I agree with my neighbor Kian at Redcook that Gourmet's beautiful photography and long rambling travel pieces were luxurious, gorgeous and lush. They were relevant, for sure. Maybe the best in the business. But frankly, these days, I barely have time to scan an article or read a page at night before my head slams into the pillow, much less lay on my sofa with my feet up and delve into the riches of a food excursion to Bankok, complete with recipes that take so long to prep and make that I would have to hire a babysitter and program 20 hours of Wonder Pets onto my DVR just to make it happen.
Bon Appetite is just a better solution for people who are excited by food and cooking and eating, but don't have all weekend to hold up in their kitchens making 32 different flavors of jam. I love jam, mind you, I love making jam, but the family will throw spatulas at me if I disappear into the kitchen making something they can't eat for lunch.
If Conde Nast had to let one go, better it be the old icon, instead of the re-vamped upstart. They are merely responding to ad sales, subscription numbers, a changing media business, a morphing food culture, and demand. You can't really blame the boys in Conde Nast accounting for not being sentimental.
Fourth, make no mistake - the death of Gourmet is not an indication that food culture is being dumbed down by people who throw their "cooking made easy" dishes on the table on nights when they aren't microwaving the Gorton's Fish Sticks or pulling a "Kids Cuisine" TV dinner out of the freezer. Those people aren't reading Bon Appetite or Gourmet anyway.

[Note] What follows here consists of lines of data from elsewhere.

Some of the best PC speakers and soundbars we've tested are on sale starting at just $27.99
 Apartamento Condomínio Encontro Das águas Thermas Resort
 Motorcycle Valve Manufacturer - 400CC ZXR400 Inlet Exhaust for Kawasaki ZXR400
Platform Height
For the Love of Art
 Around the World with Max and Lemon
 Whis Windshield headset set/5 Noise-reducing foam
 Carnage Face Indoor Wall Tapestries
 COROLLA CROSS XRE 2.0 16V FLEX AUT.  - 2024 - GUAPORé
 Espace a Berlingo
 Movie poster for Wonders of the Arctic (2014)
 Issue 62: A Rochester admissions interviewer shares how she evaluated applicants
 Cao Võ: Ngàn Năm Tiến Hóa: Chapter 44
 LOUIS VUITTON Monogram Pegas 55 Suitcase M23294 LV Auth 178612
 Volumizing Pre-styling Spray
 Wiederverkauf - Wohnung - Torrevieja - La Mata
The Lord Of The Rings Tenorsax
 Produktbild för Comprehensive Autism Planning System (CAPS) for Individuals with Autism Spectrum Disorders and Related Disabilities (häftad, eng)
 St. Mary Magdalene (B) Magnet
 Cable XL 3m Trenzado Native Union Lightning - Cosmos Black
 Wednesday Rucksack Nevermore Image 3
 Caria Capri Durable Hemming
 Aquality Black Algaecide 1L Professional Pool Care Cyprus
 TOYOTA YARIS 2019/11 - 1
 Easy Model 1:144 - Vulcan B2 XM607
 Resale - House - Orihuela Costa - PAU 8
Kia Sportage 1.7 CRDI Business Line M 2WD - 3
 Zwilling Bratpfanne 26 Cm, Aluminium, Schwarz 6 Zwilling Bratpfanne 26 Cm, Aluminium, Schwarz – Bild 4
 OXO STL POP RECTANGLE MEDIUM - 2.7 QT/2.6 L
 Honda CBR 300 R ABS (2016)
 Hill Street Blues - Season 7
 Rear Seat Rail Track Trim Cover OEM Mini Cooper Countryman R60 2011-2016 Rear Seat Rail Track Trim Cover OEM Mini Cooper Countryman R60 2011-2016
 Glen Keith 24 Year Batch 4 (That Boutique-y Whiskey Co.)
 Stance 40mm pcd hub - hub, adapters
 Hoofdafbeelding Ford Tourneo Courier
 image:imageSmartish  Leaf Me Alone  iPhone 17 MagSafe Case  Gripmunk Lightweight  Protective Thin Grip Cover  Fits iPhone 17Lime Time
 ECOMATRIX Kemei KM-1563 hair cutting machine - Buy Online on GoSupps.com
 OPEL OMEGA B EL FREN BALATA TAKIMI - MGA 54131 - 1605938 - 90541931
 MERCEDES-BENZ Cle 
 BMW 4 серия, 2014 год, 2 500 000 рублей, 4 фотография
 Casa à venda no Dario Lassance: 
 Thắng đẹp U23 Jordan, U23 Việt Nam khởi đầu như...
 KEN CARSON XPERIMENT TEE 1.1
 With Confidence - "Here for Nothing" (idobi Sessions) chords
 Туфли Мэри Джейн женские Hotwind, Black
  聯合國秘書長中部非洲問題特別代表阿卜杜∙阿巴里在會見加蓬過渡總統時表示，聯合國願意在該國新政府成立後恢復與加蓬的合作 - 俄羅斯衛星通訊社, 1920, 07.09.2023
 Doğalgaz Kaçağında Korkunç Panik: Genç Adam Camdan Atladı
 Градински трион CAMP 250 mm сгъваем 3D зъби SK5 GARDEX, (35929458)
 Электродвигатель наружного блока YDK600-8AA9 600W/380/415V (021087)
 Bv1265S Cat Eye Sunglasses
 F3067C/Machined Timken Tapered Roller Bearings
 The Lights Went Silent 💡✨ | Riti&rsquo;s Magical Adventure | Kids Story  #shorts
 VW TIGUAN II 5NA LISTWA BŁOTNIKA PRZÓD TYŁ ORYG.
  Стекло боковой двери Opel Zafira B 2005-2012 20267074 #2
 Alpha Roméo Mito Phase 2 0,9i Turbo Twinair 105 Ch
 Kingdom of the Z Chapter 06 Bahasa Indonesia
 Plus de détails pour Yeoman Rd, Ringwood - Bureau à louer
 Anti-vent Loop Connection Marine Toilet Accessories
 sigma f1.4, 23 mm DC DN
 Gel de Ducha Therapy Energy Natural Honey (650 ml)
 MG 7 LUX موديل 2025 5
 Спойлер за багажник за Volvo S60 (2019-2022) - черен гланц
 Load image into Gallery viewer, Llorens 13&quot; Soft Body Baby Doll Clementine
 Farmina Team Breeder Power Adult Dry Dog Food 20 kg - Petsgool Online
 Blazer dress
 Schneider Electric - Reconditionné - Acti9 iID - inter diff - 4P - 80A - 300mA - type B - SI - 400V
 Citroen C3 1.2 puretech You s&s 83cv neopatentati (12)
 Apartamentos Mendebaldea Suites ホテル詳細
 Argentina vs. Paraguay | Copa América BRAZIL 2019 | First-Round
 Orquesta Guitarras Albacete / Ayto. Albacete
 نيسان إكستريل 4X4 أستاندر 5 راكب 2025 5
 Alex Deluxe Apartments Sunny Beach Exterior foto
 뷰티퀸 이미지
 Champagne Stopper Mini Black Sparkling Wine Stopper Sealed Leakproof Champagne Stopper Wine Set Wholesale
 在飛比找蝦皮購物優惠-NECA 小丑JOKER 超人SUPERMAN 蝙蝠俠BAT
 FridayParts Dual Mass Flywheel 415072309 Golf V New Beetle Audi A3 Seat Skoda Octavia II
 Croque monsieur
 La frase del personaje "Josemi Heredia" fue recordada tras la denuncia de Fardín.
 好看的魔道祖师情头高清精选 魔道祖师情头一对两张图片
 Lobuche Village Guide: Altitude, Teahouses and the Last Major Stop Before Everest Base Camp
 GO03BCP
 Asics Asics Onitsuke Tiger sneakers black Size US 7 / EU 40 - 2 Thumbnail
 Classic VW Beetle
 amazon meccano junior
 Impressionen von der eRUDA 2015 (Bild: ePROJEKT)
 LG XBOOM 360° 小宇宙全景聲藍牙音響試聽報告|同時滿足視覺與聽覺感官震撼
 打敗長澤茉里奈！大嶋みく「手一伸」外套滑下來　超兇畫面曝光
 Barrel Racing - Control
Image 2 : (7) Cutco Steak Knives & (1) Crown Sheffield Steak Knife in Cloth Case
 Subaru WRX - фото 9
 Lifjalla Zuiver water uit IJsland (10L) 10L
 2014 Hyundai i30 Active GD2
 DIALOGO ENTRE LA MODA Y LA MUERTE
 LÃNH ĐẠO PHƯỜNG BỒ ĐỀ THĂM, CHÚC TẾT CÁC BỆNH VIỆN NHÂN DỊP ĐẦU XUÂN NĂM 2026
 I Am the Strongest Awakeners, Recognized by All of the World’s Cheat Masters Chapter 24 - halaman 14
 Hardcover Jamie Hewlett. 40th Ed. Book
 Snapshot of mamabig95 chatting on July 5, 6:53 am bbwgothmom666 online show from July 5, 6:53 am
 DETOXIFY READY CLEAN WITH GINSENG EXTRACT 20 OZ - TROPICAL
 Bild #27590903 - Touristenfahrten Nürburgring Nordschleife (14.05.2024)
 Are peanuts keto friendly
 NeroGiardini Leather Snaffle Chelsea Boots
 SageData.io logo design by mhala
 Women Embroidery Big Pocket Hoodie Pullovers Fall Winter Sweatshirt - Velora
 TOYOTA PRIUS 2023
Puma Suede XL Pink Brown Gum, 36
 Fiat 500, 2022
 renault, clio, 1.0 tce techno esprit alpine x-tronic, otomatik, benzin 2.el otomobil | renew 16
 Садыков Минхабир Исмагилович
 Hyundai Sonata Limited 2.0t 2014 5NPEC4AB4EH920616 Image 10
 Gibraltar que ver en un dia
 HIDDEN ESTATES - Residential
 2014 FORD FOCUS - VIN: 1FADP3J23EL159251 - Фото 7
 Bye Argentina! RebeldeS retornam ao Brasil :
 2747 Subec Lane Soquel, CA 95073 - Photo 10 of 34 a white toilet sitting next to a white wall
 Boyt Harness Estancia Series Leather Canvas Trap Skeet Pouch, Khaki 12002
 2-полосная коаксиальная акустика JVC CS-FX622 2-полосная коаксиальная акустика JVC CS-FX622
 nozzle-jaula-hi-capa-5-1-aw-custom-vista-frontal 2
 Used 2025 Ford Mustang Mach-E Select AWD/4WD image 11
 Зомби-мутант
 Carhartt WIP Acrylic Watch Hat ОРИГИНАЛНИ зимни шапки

But this might be a sign that not everyone who loves to cook, eat and enjoy food has to prove their kitchen prowess by languishing in the kitchen for hours at a time while their husbands bang the secretary and the kids zone out to Xbox. Unless you are Thomas Keller or a professional chef, food isn't the end. It's the means. At least for most of us with families.
My cooking is partly about fulfilling myself, being creative, expanding my culinary experience and cooking techniques, making more and more from scratch, and occasionally getting some feedback that makes my head swell, but it's mostly about feeding people. And feeding people isn't the thing of long, gorgeous, spiraling articles and otherworldly photography.
It's real, immediate, no nonsense, unfussy and right now.
It means I need almost constant inspiration with very little time to cultivate it. When I need information and inspiration, it must come quickly, succinctly and pack a wallop.
It means making the most of my time in the kitchen so I can cook amazing, tasty, healthy, do-able food, constantly introduce new ingredients, herbs, seasoning, tastes and textures, make many processed food items like broth and sauces from scratch, make a bunch of people with disparate preferences happy and still have the energy to clean up, wipe the flour off my face and have two minutes with my husband and kids (or maybe even to myself) before I have to herd everyone to the bathroom and throw everyone in bed. And do this, sometimes more than three times a day.
See? No time for long rambling magazine trips to street markets in Thailand.
So, there is a part of me that is sad that Gourmet has hit the skids. Sad, mostly for the people who worked there and are now trying to figure it all out for themselves. But mostly, I feel like Gourmet is just another cautionary tale for media that doesn't have sense enough to know when change is upon them.